None of this was part of a feminist movement to redesign schools. Women did not have the political agency to overhaul institutions even if they had wanted to. They could not vote. They rarely held property without permission. Their legal autonomy was limited in nearly every dimension. They did not possess the authority required to restructure an entire national system.
By the early twentieth century, teaching had become one of the only respectable professions open to women. This was not because teaching uplifted women but because nearly every other professional path was closed to them. Men continued to control school budgets, policy, curriculum, and administration. Women filled the lowest-paid and least influential roles. The culture of the schools that developed — uniform behavior, obedience, quiet classrooms, predictable routines — grew out of bureaucratic necessity, not feminist activism.
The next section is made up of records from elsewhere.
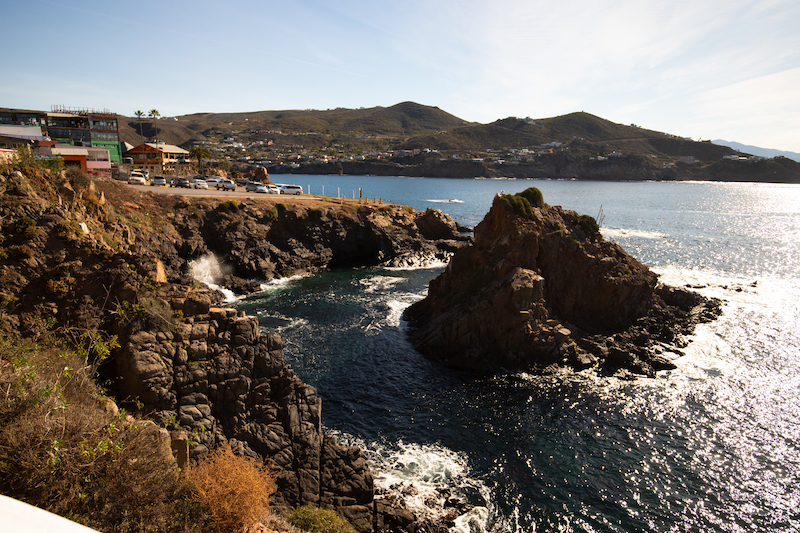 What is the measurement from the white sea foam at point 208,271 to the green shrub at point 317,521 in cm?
3126

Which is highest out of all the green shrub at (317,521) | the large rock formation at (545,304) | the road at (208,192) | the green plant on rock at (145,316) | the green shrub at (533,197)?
the green shrub at (533,197)

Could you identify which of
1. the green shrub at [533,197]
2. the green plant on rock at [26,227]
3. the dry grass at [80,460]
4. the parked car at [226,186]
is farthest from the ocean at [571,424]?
the parked car at [226,186]

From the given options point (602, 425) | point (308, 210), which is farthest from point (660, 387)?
point (308, 210)

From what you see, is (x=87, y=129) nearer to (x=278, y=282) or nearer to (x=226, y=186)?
(x=226, y=186)

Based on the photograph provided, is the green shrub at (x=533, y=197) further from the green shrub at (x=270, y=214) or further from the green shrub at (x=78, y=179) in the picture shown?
the green shrub at (x=270, y=214)

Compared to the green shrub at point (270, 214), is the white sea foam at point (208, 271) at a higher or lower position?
lower

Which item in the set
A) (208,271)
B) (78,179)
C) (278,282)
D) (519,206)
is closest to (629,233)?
(519,206)

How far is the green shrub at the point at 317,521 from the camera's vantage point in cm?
1402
It came from the priorities of large systems, not the personal preferences of the women hired to staff them.
Once I understood this clearly, the entire narrative that women “feminized” schools fell apart. The system was never built to serve women. It was built to use them. And now, more than a century later, the same system is blamed on them as if they masterminded it. As if they had the political power in 1890 to feminize anything.
I want to be clear about something here. I am not pretending that feminism or other progressive movements never used the public schools to advance their political goals. Of course they did. Once the system existed and once the state poured money and authority into it, every political movement tried to shape curriculum, culture, and pedagogy to reflect its worldview. That is the nature of large institutions. What I am arguing is that blaming “women” as a category for the feminization of education is historically illiterate, wildly oversimplified, and obscures far more than it reveals. Most importantly, it distracts us from the real problem we should be fighting: the institutional culture of conformity, obedience, collectivism, and submission that harms all of us, regardless of sex or ideology.
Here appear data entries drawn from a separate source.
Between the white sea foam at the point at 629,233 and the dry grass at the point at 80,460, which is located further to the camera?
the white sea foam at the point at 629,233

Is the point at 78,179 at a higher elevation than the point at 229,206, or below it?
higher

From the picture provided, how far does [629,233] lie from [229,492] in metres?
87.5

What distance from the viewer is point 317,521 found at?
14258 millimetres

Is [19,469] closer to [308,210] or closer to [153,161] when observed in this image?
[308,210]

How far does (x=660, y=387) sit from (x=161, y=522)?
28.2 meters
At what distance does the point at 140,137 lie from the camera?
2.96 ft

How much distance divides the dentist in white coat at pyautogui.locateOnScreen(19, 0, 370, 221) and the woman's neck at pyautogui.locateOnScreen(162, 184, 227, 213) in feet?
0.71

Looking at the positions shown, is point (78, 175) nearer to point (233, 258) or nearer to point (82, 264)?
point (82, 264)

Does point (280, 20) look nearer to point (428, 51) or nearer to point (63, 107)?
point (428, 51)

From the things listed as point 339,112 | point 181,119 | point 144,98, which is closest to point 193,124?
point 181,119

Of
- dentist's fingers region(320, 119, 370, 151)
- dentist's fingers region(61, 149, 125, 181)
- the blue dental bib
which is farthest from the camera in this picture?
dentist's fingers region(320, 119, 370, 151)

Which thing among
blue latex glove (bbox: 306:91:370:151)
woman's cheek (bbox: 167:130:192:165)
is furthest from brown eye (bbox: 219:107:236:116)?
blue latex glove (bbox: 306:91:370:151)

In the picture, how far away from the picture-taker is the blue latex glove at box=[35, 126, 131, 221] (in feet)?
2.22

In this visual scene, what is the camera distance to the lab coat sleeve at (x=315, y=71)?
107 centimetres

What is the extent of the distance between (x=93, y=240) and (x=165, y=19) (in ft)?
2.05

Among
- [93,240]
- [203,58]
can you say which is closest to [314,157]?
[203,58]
At some point we have to stop repeating this error, because continuing to blame women is not analysis, it is complicity in the very system we claim to oppose. What people describe as “feminization” is not feminine. It is authoritarian collectivism engineering a convenient misunderstanding, ensuring that men blame women instead of confronting the system that is harming their children.


In general, I think that labelling the phenomenon "feminization" is just probably unnecessarily polemical, and in the end doesn't even really help describe concretely what it is that is happening. Like, I get what they mean, but it can be explained more clearly, and with less of the culture-war baggage, if they just focus on the actual effects, and less on the gendered blame game.
Thank you for this. I agree with much of what you say, However, while there are definitely similarities, the way in which schools have been "feminised" in the UK is slightly different, and I can see the hand of majority female educators (teachers and planners) in this, in recent decades. For example, the replacement of exams with course work, which most girls apparently prefer; the content of curricula moving too often from objective facts to "lived experience"; and a growing misunderstanding of how boys fail to thrive if they have to sit still for long periods of time (although I accept what you say about bureaucratic necessity). Of course these are generalisations, and I – like you – was not a typical girl. Having worked in schools though, I can see how the current direction of travel benefits girls and young women, and fails to inspire and motivate young men.